HI all,
This is the 1st time i have written on this site, it just feels i have no where else to turn lately and i feel i am losing my mind more and more.
I was diagnosed end of april 2010 with breast cancer and too be honest it still hasnt fully sunk in!
In the beginning when i told people i have been diagnosed with cancer i was bomborded with texts etc no actual visits,except one friend who promised to be there through my journey, she came to appointments visited me in hospital for the 1st few weeks then just stopped, after that she started complaining and making nasty comments that it was all about me and this cancer thing is boring, and she no longer thinks about it she has more important things to think about!

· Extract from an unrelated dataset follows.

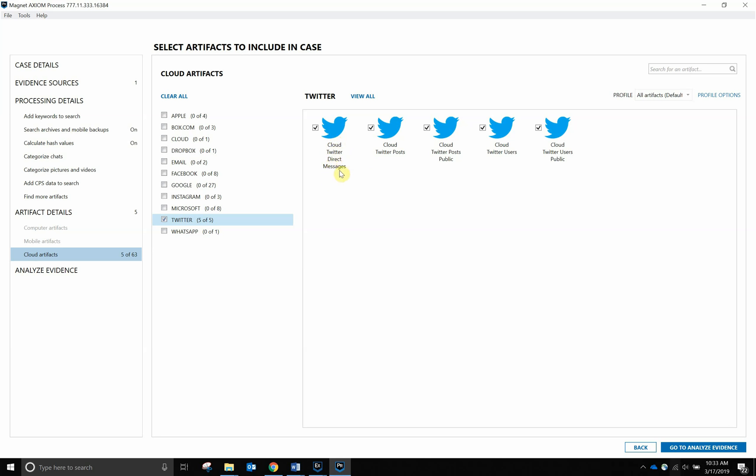The big difference between doing the public acquisitions and the typical Twitter polls is that you won't get those messages when you are doing the public poll. Only when you actually put in the username and password for that account will you get those direct messages. For now, we're going to go ahead and hit Go to Analyze Evidence, and we're going to hit Analyze Evidence to start off this case.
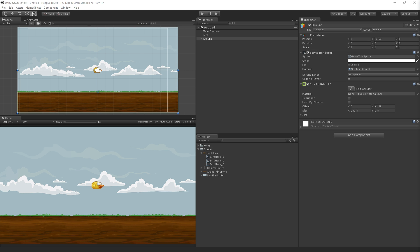Alright, so let's continue. The next step is that we're going to write our first script which will control the bird.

I have never asked of anyone to do anything for me infact all my friends have been through some drama or another before i was diagnosed and i made sure i was there 24/7 for them always called them visited to check there ok and there late night phone calls of them telling me there problems.
But now i need them they do there upmost to make sure there busy so not to see me or take any calls, or i get come visit me if you like when they know full well im ill and unable to drive.
These are supposed to be my closest friends and we spoke daily now i never get a call On an odd occasion i got one, all my friend did was cut me off when i was talking and was going on about the sillyist thing bothering her, she is very materialistic and coming across as self centred which i never noticed before.
I have no one else to confide in and im generally a private person so the thought of attending help groups i just cant face right now.
I have just finished chemo, still on herceptin and have got mastectomy and radio next.
I just dont know whats going on in mind anymore, i see no one, and too be honest its hard to think positive. its sounds bad but i have basically spent weeks in my room drinking and smoking trying to block everything out.
I just feel theres nothing to look forward too and i dont know if i can do this on my own, i understand it might be hard 4 my friends to know what to say to me but i thought we were so close before and we could tell each other anything and it has kind of shocked me that the little things in there life are more important to them than what i am going through.
I have spoken to them and explained i feel alone and scared and the one who promised to be with me has responded by not contacting me for a month.
They know im am really struggling but choose to ignore me,they just make me feel worthless and no one would miss me if im gone.
Im sorry this is so long i just dont know what to do.